NC Senate gives final OK to gas tax changes; House next stop

Posted February 12, 2015

— A bill that lowers North Carolina's gasoline tax immediately but opens the door to higher tax rates in the years ahead cleared the Senate on Thursday, but not before there was more sniping from Republicans and Democrats.

The measure given final chamber approval by a 35-15 vote reduces the rate by 2.5 cents per gallon to 35 cents March 1 through the rest of the year. The tax formula would be changed after that.

On the second day of floor debate — the bill received initial approval Wednesday— Republicans continued to portray the measure as a tax cut that also provides stability for road-building revenues so projects in the pipeline are completed.

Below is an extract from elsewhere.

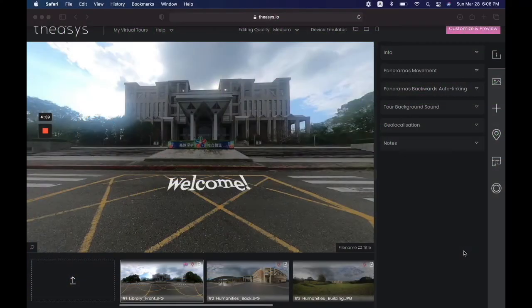Let's go ahead and add some sound now. In Thesis there are two different ways that you can add sound: one is to the entire tour, for example sort of background music, or you can add sounds to each individual panorama. I'm going to show you both, but let's start with the panorama sound first.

But Democratic speakers point out the tax would actually fall further come July 1 — possibly to 30 cents — if the current formula based partially on wholesale gas prices remained in place. Projections show the tax rate under the proposal also could be 7 cents higher in 2019 compared with the current rules, creating another $352 million annually by then.

"If this is a tax increase, just say it for what it is," said Sen. Erica Smith-Ingram, D-Northampton. Other Democrats said they'd be willing to consider more taxes for infrastructure but that a more thoughtful, bipartisan approach was needed.

Gov. Pat McCrory also was critical of the decision to offset the initial cut in the gas tax by laying off 500 state Department of Transportation workers.

“The current Senate proposal would help protect and stabilize transportation revenue that is used for our roads and bridges across North Carolina. However, we need to fully evaluate the impact that workforce decisions will have on the safety and maintenance of our transportation network," McCrory said in a statement. "I look forward to continued dialog with both the House and Senate leadership as we work toward a solution that's in the best interest of our future transportation needs and taxpayers.”

Transportation Secretary Tony Tata said he wants to assess the impact of the potential loss of positions on public safety and DOT operations.

"We value all of our NCDOT employees and appreciate the hard work they do every day to serve the citizens of our state," Tata said in a statement. "Having eliminated more than 2,100 positions in the last five years, we must be careful to scale any further decisions commensurate with the mission, with an emphasis on safety."

The bill's next stop is the House, where changes are expected in the gasoline tax provision.

Democrats also complained about an unrelated portion of the bill that would prevent several federal tax changes from applying to state tax filers when determining their income.

One federal rule exempting the value of canceled debt from income during certain home sales would cost the state $14 million if it applied to state income, too. State tax rules don't match that provision in the Senate legislation. It would take $71 million to comply with all of the Internal Revenue Service provisions avoided in the bill, requiring cuts elsewhere, a key Republican said.

"Where are you going to take the money from?" Senate Majority Leader Harry Brown, R-Onslow, asked a Democratic colleague.